## [Task directions]
Your task is to output the listing word for word, with pictures excluded.

## [Information given]
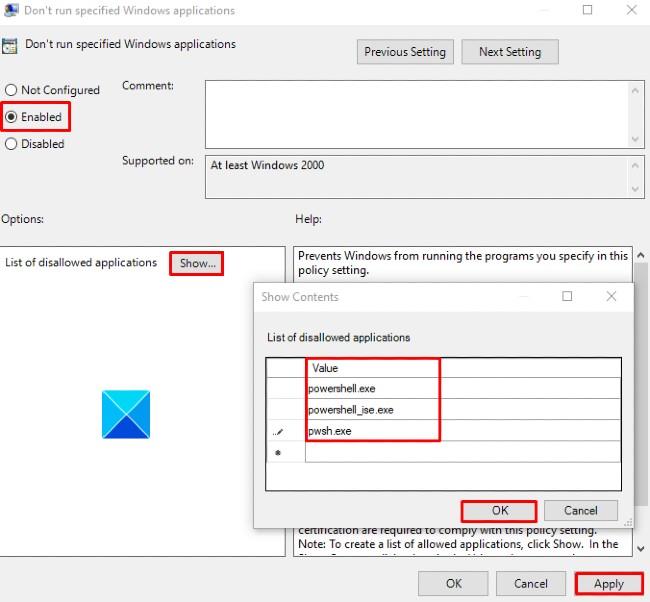 如何在 Windows 10 上停用 PowerShell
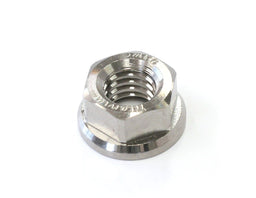 Smith Precision Products 3/8-16 Hex Suit Front Hub Spud Titanium Nut SPPFLTN-375-16 Autofit
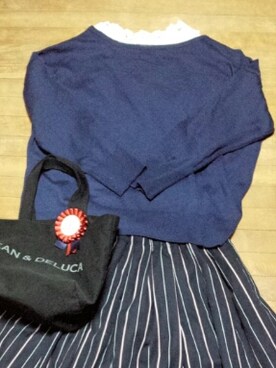 aoさん（レディース・158cm）の春コーディネート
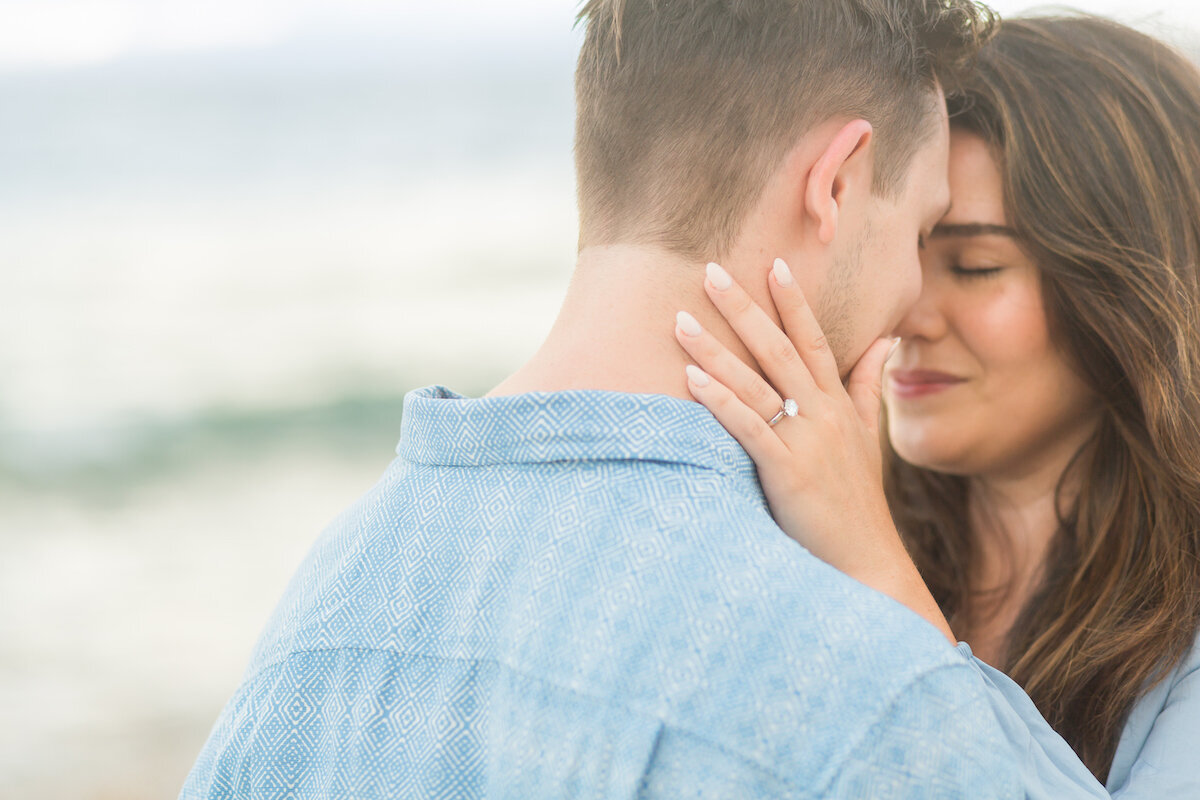 Maui Proposal intimate moment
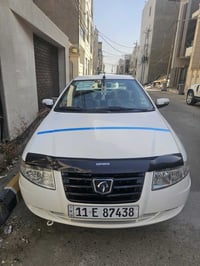 سمند سورن • ٢٠١٢ • مكينة جديدة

## [Written solution]
 如何在 Windows 10 上停用 PowerShell
 Smith Precision Products 3/8-16 Hex Suit Front Hub Spud Titanium Nut SPPFLTN-375-16 Autofit
 aoさん（レディース・158cm）の春コーディネート
 Maui Proposal intimate moment
 سمند سورن • ٢٠١٢ • مكينة جديدة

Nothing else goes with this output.